The young woman went on as if Harman had not spoken. “First of all, you know from the turin and from what Prospero told you that all of the planet’s faxnodes and fax pavilions have been shut off.”

“By whom?” said Harman, turning back to look at the crystal cabinet again. The golden fluid was swirling to within a foot of the top, but it had stopped filling. Moira had opened a panel on the top—one of the multifaceted glass faces—and he could see the short metal rungs that would allow him to climb up to that opening.

“By Setebos or his allies,” said Moira.

“What allies? Who are they? Just tell me what I need to know.”

Moira shook her head. “My young Prometheus, you’ve been told things for the better part of a year now. Hearing things means nothing unless you have the context in which to place the information. It is time for you to gain that context.”

“Why do you keep calling me Prometheus?” he barked at her. “Everyone seems to have ten names around here… Prometheus, I don’t know that name. Why do you call me that?”

Moira smiled. “I guarantee that you will understand that at least, after the crystal cabinet.”

Harman took a deep breath. One more smug smile out of this woman, he realized, and he might hit her in the face. “Prospero said that this thing could kill me,” he said. He looked at the cabinet rather than the post-human thing in Savi’s human form.

Moira nodded. “It could. I do not believe it will.”

“What are my chances?” said Harman. His voice sounded plaintive and weak to his own ears.

“I don’t know. Very good, I think, or I would not suggest you go through this… unpleasantness.”

“Have you done it?”

“Undergone the crystal cabinet transfer?” said Moira. “No. I had no reason to.”

“Who has?” demanded Harman. “How many lived? How many died?”

“All of the Chief Librarians have experienced the crystal cabinet transfer,” said Moira. “All the many generations of the Keepers of the Taj.
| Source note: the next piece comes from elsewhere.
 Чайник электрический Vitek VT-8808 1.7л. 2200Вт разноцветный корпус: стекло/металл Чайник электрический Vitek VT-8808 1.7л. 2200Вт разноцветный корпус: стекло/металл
All the linear descendents of the original Khan Ho Tep.”

“Including your beloved Ferdinand Mark Alonzo?”

“Yes.”

“And how many of these Keepers of the Taj survived the cabinet transfer?” asked Harman. He was still wearing the thermskin, but his exposed hands and face felt the terrible chill in the air up there near the top of the dome. He concentrated on not shivering.

Harman was afraid that if Moira merely shrugged, he’d just walk away forever. And he didn’t want to do that—not yet. Not until he knew more. This awkward crystal cabinet with its glowing gold liquid might kill him… but it might also return him to Ada sooner.

Moira did not shrug. She looked him in the eye—she had Savi’s eyes—and said, “I don’t know how many died. Sometimes the flow of information is simply too much—for lesser minds. I do not believe you have a lesser mind, Prometheus.”

“Don’t call me that again.” Harman’s freezing hands were tightened into fists.

“All right.”

“How long does it take?” he asked.

“The transfer itself? Less than an hour.”

“That long?” said Harman. “The eiffelbahn car leaves in forty-five minutes.”

“We’ll make it,” said Moira. Harman hesitated.

“The medium fluid is warm,” said Moira as if reading his mind. It was more likely, he realized, she was reading his shivers and shaking.

That may have decided the issue for Harman. He had peeled off the thermskin, embarrassed to be naked in front of this stranger with whom he had had a strange sort of sex less than two hours earlier. And it was cold.

He had quickly clambered up the side of the dodecahedron, using the short rungs for hand and footholds, feeling how cold the metal was against the bare soles of his feet.

It had been a relief when he lowered himself through the open panel and actually dropped into the golden liquid. As she’d promised, the fluid was warm. It had no scent and the few drops that landed on his lips had no taste.